Higher skills are the best way to raise productivity and the best way to insulate the country from any negative economic effects of Brexit, such as fewer skilled migrants. Moreover, our schools are full to bursting and the increase in young people will start to hit universities just after we start counting students as a much bigger current cost, potentially putting today’s school pupils at a particular disadvantage.
It was arguably in the IFS’s response that things got really interesting. It also took the “tail wagging the dog” line, arguing that “in principle, the government should not change its policy in response to a cosmetic change in fiscal presentation”. IFS Director Paul Johnson’s tweet summed things up nicely: “IF it was right to aim for zero deficit on old definition, THEN it is right to aim for £17bn deficit on new definition”. That said, IFS recognised that the accounting change is likely to have concrete implications for government policy:
Suddenly, the high cost of HE appears in the deficit today, rather than in 30 years time. Not only is it suddenly superficially more attractive to replace some loans with grants, it is also superficially more attractive to reduce fees or abolish them altogether (as Labour proposed in its 2017 general election manifesto), to reduce the interest rate charged on outstanding student loans, or to restrict student numbers. Those options might now be considerably more likely to be implemented
The IFS also took a view on another signature change to the system – Theresa May’s change to the repayment threshold:
The increase … now looks quite expensive in the short term. On the old measure it had little effect on this year’s deficit, on the new measure it increases it by around £2 billion per year. Again, the actual effect on the public finances is the same – it was just that the current accounting rules hid the short-term effect.

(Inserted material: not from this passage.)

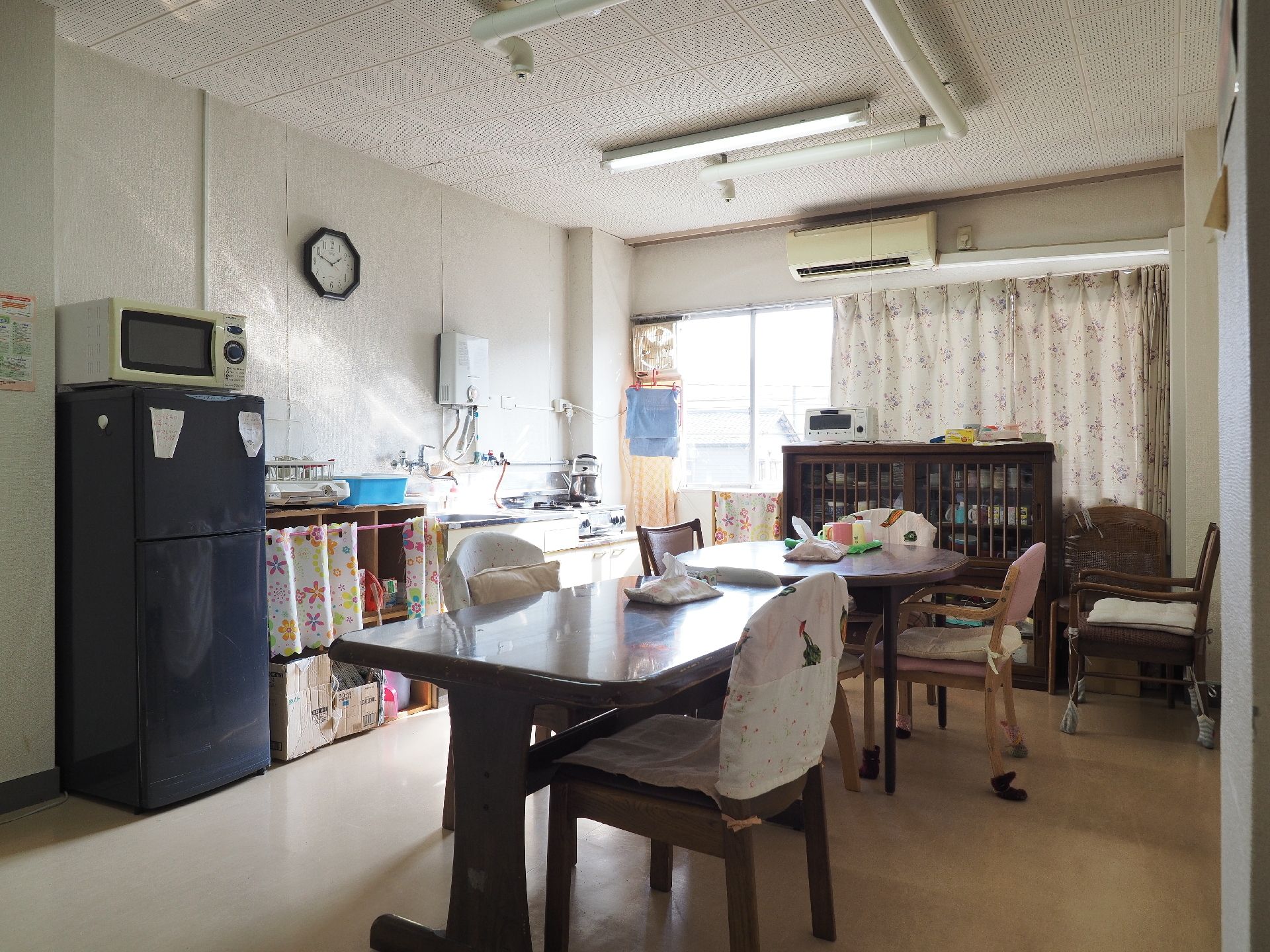 冷蔵庫やキッチンがあり、中央にテーブルと椅子がある食堂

But its view on the wider implications for deficit reduction signals additional complexity ahead and suggests that Treasury might need to clarify its approach to deficit reduction in light of the ONS decision ahead of Augar reporting:
If the government does not choose to adjust its fiscal targets in the medium-term in response to this accounting change (as has been the case when other changes to accounting rules have affected the deficit in the past), then the implications could go further than HE policy. Maintaining the overarching fiscal objective of eliminating the deficit entirely by the mid-2020s would – if the commitment is to be met – imply a combination of further tax rises or deeper spending cuts.
Looking ahead, what the decision does do is reintroduce HE spending to the tussle in any spending review. In theory putting HE (or indeed tertiary) up against schools, health, defence and other public services doesn’t bode well.

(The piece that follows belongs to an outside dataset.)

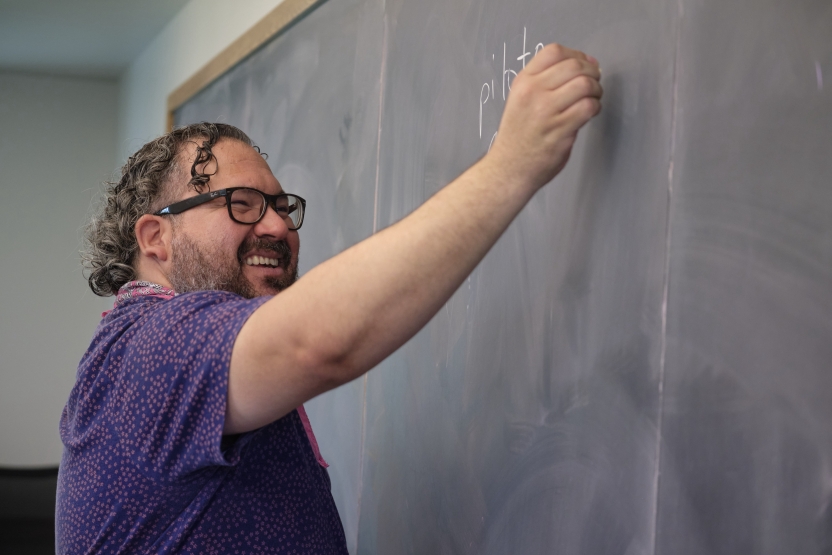 A man smiles as he writes in Spanish at the whiteboard.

As HE expert Andy Westwood argued:
The reforms might help construct a more comprehensive, joined-up tertiary system. It also offers the opportunity for universities and colleges to lobby for teaching funding to replace any cut to fees … but all of these options will eventually feed into a spending review that may ultimately care much more about other decisions, choices and headlines.
It seems the era of HE not having to have that argument – and largely escaping from austerity as a a result – is about to be a thing of the past.